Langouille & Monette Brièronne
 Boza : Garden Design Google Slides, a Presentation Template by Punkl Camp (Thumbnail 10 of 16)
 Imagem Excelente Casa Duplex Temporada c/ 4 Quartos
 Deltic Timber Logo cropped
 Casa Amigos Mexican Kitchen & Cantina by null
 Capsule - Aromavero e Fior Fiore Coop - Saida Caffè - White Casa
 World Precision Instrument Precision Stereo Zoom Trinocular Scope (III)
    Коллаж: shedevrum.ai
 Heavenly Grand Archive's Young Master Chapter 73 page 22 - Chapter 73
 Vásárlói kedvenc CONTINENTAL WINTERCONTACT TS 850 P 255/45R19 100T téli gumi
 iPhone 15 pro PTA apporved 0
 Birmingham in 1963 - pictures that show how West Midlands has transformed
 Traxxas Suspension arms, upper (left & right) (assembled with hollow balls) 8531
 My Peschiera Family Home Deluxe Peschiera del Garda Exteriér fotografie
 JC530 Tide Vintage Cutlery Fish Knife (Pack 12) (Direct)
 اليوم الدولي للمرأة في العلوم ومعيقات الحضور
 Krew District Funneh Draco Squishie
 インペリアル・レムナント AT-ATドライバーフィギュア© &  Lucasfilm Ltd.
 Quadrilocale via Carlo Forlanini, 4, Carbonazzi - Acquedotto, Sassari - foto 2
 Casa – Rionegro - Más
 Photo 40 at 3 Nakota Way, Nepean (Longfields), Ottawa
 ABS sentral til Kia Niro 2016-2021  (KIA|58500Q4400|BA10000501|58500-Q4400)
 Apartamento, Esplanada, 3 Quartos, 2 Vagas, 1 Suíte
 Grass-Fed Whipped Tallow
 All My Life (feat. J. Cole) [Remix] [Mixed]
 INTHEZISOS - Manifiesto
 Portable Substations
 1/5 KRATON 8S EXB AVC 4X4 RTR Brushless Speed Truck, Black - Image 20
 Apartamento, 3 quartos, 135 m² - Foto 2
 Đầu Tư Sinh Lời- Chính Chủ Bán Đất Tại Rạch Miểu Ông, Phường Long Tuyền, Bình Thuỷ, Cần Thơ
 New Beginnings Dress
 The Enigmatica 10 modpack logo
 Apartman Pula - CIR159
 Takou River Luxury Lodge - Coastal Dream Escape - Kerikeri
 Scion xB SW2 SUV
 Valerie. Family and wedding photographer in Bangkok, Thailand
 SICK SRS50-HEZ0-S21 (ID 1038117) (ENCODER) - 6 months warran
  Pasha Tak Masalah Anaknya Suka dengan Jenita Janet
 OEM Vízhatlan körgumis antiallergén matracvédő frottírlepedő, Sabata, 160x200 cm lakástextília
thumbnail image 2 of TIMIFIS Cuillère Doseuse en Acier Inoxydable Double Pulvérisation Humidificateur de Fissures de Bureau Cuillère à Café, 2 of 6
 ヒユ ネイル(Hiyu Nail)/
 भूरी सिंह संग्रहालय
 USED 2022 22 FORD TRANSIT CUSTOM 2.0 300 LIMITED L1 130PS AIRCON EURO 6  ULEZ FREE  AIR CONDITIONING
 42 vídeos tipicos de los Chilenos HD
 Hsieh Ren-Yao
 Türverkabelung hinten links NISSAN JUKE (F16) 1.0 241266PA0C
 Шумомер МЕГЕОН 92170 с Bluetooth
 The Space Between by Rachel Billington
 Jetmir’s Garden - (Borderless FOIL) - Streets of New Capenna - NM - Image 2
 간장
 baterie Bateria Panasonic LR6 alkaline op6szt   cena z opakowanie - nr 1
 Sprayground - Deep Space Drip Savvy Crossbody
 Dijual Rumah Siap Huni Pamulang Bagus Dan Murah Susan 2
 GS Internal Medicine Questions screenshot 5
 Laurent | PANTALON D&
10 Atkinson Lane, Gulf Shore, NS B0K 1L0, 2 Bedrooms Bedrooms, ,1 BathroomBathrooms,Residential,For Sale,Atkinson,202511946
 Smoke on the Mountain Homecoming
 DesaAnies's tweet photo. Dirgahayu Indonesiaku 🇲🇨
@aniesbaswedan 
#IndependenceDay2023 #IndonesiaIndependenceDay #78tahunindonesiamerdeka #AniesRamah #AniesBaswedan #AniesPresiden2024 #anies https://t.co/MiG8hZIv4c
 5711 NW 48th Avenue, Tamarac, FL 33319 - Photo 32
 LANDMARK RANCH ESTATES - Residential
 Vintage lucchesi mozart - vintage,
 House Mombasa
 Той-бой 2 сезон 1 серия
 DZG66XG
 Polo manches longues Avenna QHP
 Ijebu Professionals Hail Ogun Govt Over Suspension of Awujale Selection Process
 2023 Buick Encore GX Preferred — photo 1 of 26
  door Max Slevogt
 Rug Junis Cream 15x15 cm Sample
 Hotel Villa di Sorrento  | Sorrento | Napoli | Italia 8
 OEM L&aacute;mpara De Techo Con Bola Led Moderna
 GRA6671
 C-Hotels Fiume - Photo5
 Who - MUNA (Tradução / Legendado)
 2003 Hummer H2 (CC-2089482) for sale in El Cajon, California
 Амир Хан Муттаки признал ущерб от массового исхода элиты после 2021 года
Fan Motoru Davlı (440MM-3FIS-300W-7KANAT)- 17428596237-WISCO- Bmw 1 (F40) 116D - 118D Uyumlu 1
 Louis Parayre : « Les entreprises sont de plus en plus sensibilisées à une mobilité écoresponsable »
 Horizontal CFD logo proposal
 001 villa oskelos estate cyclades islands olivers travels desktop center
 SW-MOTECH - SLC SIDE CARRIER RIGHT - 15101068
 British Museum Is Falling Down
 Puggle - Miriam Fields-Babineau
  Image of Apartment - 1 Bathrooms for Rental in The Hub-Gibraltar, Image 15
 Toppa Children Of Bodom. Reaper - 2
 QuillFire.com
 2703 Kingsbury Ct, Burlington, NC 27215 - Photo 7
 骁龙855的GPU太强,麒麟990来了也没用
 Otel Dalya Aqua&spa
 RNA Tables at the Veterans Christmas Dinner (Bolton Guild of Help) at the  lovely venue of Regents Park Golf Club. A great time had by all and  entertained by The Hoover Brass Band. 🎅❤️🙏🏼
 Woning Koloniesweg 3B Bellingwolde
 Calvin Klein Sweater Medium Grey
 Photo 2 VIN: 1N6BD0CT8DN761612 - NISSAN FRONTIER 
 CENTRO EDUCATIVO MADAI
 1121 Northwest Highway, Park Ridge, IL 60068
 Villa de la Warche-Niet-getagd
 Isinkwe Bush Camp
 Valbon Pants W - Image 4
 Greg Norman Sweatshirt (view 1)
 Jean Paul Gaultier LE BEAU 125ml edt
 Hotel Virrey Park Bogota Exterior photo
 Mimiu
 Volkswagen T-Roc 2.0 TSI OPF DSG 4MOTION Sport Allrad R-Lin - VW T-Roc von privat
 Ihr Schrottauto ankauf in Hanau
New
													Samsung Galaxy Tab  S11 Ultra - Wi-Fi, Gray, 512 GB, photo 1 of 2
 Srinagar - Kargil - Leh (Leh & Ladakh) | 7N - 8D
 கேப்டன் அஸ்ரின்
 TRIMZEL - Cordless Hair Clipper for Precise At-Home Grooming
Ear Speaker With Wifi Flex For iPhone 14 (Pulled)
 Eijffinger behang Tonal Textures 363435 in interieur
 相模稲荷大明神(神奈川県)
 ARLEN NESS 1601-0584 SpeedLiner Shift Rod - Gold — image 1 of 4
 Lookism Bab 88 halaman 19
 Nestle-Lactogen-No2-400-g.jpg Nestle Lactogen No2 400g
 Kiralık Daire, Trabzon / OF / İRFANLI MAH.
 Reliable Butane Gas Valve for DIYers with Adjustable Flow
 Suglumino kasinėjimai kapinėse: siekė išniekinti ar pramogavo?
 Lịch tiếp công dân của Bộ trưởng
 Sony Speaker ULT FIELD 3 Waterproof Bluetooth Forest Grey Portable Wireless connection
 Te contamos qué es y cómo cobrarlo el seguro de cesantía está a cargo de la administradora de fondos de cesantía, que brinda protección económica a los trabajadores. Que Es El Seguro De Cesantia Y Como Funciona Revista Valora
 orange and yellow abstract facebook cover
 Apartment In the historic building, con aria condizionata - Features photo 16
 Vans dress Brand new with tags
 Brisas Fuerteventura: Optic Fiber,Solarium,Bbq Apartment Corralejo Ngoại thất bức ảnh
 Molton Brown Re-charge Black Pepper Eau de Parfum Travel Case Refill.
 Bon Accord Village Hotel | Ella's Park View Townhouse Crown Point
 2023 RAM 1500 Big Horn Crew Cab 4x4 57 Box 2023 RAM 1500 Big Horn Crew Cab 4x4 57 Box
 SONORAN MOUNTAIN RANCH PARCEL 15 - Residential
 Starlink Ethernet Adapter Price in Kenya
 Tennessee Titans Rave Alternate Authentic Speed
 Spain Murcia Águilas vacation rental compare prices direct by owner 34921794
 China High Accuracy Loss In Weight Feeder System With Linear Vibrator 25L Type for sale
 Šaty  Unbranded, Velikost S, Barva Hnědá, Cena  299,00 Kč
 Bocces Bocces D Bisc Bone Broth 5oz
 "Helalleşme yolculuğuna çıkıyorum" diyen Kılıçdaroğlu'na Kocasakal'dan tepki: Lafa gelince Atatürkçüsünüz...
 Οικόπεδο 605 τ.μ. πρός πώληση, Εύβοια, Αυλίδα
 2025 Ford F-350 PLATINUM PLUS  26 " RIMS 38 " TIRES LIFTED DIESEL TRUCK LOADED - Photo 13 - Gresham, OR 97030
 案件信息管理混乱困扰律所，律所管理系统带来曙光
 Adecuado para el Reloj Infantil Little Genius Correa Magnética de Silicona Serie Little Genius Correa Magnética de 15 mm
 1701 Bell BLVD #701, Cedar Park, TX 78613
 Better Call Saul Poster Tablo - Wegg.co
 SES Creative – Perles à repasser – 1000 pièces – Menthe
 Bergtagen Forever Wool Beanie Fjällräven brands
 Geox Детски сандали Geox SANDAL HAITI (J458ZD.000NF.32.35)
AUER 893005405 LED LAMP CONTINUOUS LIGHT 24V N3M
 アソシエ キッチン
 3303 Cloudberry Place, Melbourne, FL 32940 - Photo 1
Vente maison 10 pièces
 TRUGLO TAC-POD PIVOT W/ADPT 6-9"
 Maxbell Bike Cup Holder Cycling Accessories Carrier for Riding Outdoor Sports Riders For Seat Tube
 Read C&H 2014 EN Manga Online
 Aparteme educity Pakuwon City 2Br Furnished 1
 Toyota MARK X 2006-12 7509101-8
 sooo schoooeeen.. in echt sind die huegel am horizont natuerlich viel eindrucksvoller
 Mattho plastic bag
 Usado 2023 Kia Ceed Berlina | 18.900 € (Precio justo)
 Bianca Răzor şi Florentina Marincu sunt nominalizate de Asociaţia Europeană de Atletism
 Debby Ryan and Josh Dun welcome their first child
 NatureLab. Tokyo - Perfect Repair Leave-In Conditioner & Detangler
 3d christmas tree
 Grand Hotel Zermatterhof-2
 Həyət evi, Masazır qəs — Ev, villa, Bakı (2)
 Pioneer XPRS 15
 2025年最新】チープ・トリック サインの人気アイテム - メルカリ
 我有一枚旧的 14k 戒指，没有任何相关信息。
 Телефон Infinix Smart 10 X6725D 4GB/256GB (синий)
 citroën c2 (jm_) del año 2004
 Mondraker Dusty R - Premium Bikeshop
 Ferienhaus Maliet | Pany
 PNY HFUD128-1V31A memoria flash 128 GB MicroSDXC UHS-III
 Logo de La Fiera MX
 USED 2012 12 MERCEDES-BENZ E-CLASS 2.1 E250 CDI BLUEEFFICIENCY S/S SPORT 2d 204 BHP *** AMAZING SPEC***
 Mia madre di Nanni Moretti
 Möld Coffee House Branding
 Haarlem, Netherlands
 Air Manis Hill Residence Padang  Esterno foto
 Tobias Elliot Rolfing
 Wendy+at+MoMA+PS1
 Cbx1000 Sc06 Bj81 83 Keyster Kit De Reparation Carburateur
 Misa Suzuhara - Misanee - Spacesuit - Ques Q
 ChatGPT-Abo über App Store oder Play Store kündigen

============

§ Instructions for the task: Search the entries above for "Camp". Show every line that has it.

§ Response area:
 Boza : Garden Design Google Slides, a Presentation Template by Punkl Camp (Thumbnail 10 of 16)
 Isinkwe Bush Camp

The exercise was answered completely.